Work order
Within the listing below, please copy exactly the lines between the line holding "Lyst Murci Structu" and the line holding "Lord of the", inclusive.

*** Data provided ***

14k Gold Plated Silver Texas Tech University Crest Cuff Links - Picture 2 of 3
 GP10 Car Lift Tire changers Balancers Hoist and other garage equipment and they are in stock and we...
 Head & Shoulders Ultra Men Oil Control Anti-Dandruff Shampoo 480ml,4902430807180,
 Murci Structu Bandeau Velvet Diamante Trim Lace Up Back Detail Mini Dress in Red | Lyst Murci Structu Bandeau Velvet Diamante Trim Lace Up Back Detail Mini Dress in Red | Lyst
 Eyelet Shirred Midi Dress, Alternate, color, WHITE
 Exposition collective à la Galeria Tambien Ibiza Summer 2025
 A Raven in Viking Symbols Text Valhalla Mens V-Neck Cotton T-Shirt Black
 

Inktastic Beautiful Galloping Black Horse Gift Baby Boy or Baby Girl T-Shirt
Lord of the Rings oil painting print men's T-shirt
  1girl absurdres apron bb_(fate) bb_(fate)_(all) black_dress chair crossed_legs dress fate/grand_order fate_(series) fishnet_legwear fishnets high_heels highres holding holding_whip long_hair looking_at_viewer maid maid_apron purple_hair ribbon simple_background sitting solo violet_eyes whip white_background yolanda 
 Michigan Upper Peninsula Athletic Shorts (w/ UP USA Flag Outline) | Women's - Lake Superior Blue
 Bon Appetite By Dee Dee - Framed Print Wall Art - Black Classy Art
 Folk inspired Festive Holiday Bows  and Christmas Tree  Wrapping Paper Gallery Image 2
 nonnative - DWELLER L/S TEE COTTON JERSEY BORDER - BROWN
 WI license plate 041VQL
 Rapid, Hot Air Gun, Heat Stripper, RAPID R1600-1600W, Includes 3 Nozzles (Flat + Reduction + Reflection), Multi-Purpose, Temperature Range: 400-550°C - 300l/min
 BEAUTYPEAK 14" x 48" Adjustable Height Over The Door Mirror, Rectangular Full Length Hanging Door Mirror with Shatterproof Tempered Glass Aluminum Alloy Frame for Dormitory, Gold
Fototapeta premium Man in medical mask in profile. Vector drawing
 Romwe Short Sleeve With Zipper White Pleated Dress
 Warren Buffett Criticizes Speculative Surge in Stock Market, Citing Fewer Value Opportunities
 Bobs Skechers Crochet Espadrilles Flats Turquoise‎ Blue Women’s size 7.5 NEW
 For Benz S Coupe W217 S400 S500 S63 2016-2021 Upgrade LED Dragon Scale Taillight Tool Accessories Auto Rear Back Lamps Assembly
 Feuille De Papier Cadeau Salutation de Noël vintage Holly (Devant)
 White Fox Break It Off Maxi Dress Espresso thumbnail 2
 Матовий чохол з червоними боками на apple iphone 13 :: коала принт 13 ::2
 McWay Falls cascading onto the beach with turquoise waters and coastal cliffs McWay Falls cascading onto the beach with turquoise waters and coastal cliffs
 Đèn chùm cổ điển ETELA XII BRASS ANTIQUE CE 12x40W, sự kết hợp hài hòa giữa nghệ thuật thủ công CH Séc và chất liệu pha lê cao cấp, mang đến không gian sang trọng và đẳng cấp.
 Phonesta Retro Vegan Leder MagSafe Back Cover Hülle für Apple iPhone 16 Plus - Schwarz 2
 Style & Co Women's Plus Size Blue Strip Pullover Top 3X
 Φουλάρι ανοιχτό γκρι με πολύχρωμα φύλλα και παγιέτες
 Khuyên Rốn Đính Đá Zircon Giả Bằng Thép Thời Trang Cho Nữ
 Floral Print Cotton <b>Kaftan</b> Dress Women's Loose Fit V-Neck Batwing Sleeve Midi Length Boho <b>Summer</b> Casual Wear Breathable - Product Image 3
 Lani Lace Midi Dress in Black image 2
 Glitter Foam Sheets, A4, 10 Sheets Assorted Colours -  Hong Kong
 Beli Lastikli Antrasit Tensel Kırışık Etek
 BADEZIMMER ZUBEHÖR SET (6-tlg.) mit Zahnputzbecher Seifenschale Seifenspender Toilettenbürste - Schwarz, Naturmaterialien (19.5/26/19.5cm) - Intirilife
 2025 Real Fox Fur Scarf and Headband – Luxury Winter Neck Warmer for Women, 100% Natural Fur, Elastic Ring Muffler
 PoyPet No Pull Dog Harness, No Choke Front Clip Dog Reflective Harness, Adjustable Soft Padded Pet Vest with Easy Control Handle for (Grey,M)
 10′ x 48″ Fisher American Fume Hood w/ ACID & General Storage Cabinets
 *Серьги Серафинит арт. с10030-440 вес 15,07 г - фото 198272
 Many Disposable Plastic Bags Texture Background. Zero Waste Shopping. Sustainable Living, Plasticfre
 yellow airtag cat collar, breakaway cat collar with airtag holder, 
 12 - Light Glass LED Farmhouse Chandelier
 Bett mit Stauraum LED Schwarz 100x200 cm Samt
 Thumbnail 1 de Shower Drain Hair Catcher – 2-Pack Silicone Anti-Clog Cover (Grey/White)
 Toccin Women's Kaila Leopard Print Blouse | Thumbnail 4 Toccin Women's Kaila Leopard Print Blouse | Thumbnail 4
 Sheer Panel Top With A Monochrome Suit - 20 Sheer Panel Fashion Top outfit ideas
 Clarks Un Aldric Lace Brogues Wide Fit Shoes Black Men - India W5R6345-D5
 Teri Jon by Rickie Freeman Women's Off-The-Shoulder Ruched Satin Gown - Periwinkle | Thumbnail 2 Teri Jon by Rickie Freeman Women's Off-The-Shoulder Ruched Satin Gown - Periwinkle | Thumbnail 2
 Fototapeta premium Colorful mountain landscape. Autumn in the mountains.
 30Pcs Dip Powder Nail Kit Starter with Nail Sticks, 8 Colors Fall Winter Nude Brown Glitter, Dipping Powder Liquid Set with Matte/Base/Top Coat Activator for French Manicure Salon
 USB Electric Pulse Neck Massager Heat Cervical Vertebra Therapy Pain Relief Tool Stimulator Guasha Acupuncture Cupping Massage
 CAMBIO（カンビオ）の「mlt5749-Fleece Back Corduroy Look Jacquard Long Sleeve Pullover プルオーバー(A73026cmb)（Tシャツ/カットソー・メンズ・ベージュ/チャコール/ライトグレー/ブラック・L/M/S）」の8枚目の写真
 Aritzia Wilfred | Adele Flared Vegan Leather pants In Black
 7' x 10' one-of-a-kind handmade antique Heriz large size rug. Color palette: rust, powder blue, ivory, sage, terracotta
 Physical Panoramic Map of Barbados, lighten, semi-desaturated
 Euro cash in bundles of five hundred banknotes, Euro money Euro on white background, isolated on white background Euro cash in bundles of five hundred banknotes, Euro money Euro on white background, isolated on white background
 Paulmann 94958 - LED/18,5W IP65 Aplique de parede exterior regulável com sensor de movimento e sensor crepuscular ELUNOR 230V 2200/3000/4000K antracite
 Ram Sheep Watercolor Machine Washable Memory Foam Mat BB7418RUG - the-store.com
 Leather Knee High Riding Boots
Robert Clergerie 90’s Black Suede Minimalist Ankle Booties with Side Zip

*** End of Data provided ***

Answer box
 Murci Structu Bandeau Velvet Diamante Trim Lace Up Back Detail Mini Dress in Red | Lyst Murci Structu Bandeau Velvet Diamante Trim Lace Up Back Detail Mini Dress in Red | Lyst
 Eyelet Shirred Midi Dress, Alternate, color, WHITE
 Exposition collective à la Galeria Tambien Ibiza Summer 2025
 A Raven in Viking Symbols Text Valhalla Mens V-Neck Cotton T-Shirt Black
 

Inktastic Beautiful Galloping Black Horse Gift Baby Boy or Baby Girl T-Shirt
Lord of the Rings oil painting print men's T-shirt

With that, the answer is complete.